On the second point, if the communication is not private, the statute is not supposed to apply. Now, is a communication between the President and a COMELEC official about the conduct of a presidential election private? (Note: I am focusing my question to this and only this portion of the recorded communication in the tape).
On the third point -
a) If the record of the communication or spoken word is used in a “judicial, quasi-judicial, legislative or administrative hearing or investigation” but not introduced in evidence, and therefore there is no occasion to consider its ADMISSIBLITY, is the statute violated? (This could essentially be the point of Senator Chiz Escudero in another dimension as further elaborated by lawyer Jaxius here.)
b) If the introduction in evidence of the so-called “poisoned fruit” is being attempted in such a trial, hearing or investigation, who is the proper party to object to its admissibility?
c) May the objection be waived or is the right to object on ground of admissibility essentially waivable since it is a PRIVATE right?
d) In the case of President Gloria Macapagal-Arroyo, if her privacy right has been violated, is she not deemed to have waived it by virtue of her public acknowledgement of the content of the recording in the “lapse in judgment” speech? Or as the country’s chief law enforcer, should she not waive her private right in the public interest?

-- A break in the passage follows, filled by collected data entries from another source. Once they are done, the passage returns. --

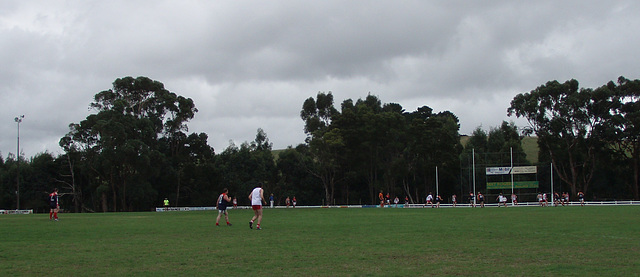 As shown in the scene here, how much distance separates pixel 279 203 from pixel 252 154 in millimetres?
8273

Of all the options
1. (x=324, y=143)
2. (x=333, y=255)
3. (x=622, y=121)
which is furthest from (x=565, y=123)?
(x=333, y=255)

e) Is PGMA deemed to have authorized the wiretapping by her conduct of not faithfully executing the law against probable violators and therefore barred from availing of the benefits under the law, if any?
f) Since Garci denies he is the same person whose voice is recorded on the tape in question, could he be at any time an improper party to object to its admissibility?
g) When is it seasonable to object, at any time reference is made to the tape or only at such time that the tape is being introduced in evidence, which the tape being essentially a “real” (not a testimonial) evidence should be at the “offer of evidence” stage of the trial, hearing or investigation?
FINALLY, considering the well-nigh plenary nature of policymaking by Congress, may the SC interfere via a TRO with congressional hearing in aid of legislation? On the other hand, may Congress assert its prerogative to cite anyone in contempt who is enforcing such TRO, if so issued?